Oh gosh, the sadness goes in and out, like the tide. It is probably predictable from the outside, but I don't see it. It sneaks up on my, it side swipes me. And then in a while it is low tide again.

Julia is doing some incredible things these days. Yesterday, when we went to the movies to see the latest Narnia adventure, she was the one to remember to bring the headphones when we got into the car. In the theater, she seemed to enjoy the adventurous parts that were a bit scary, as well as the happy parts. She had not really liked movies with people but this fantastical adventure tickled her. She loves the odd names of some of the characters. And then, she did this fantastic thing: She jiggled my sleeve. I looked at her and she looked at me. And then she turned back to the screen as if she was sharing some feeling and then leading me back to the movie. This is behavior so simple that very, very young babies do it, but kids with autism find it utterly unfathomable. And Julia did it!!

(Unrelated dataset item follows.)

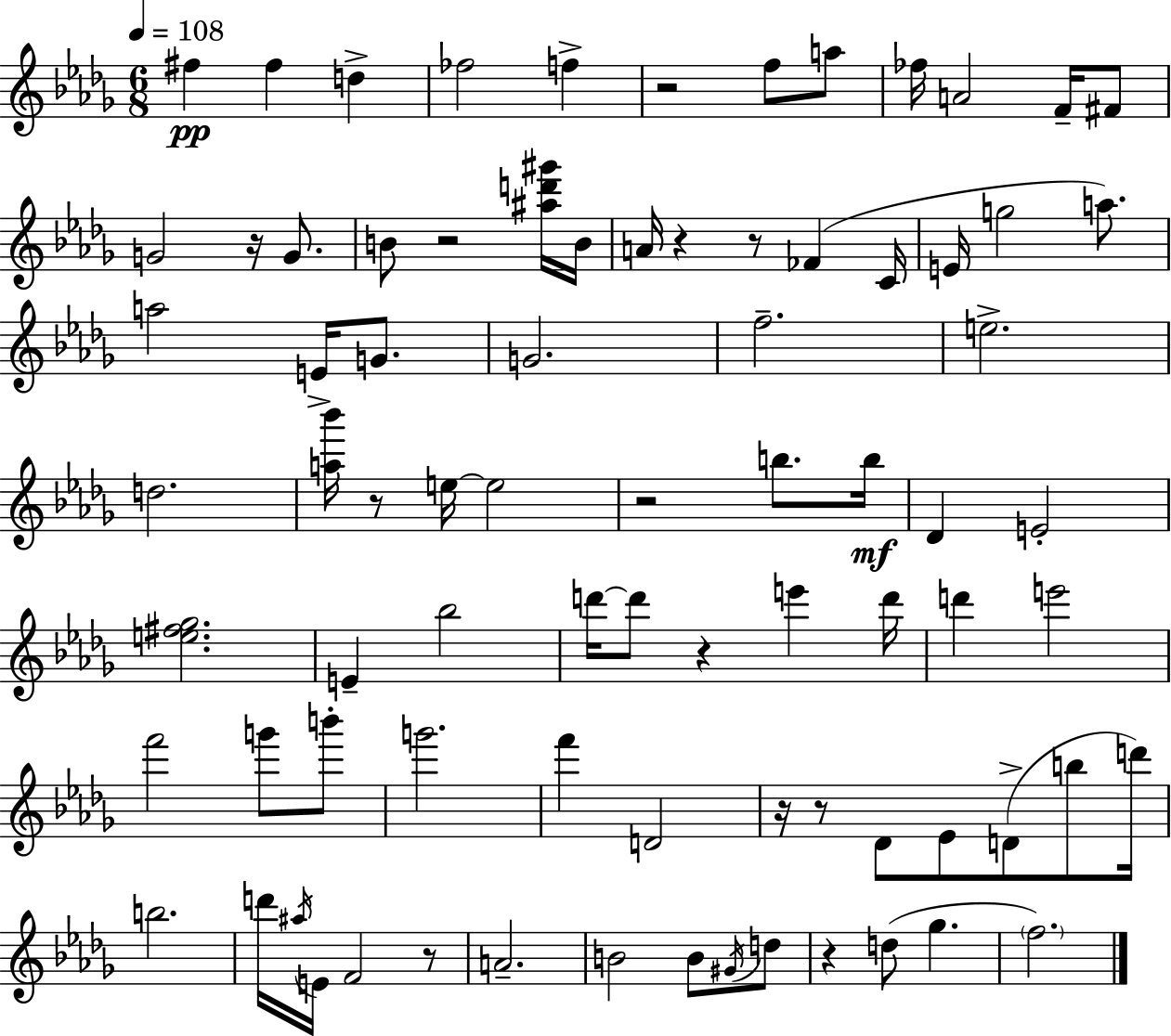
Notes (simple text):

F#5/q F#5/q D5/q FES5/h F5/q R/h F5/e A5/e FES5/s A4/h F4/s F#4/e G4/h R/s G4/e. B4/e R/h [A#5,D6,G#6]/s B4/s A4/s R/q R/e FES4/q C4/s E4/s G5/h A5/e. A5/h E4/s G4/e. G4/h. F5/h. E5/h. D5/h. [A5,Bb6]/s R/e E5/s E5/h R/h B5/e. B5/s Db4/q E4/h [E5,F#5,Gb5]/h. E4/q Bb5/h D6/s D6/e R/q E6/q D6/s D6/q E6/h F6/h G6/e B6/e G6/h. F6/q D4/h R/s R/e Db4/e Eb4/e D4/e B5/e D6/s B5/h. D6/s A#5/s E4/s F4/h R/e A4/h. B4/h B4/e G#4/s D5/e R/q D5/e Gb5/q. F5/h.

And I sat there, in the darkness, wanting to jump up and down and shout out and tell everyone there.

We bought a small tree yesterday. Very small, shorter than Julia. She protested a little bit. She wanted something bigger. I see over and over as we get ready for Christmas in the very modified way that Julia does miss the way we usually do it. She remembers. She has that history. I don't say much about how this year is different for our celebrations, but I have the distinct feeling that she just knows. Empathy! She did not fight me on the size of the tree.

I will not take out our usual decorations. I bought a few at Michael's yesterday, and we will make some. That will be enough. What I am doing is just enough. Constantly just enough, and always less than usual. But to myself I am promising to give this kid of mine, no, both kids of mine, a grand and glorious Christmas next year or the year after. We will celebrate again. I cannot let go of the optimistic feeling that we will.

For now though, I have been teary all day.

1 comment:

Traci said...

Sitting here quietly reading and feeling your pain....your sadness. And I'm believing in your optimism, but for now it's enough. More than enough.

How very amazing that Julia can continue to bust through the grieving to show you that she's still making progress and moving forward as you find your way; proving that what you're doing is enough.

I do love you and your girl!

Praying for peace for during this season.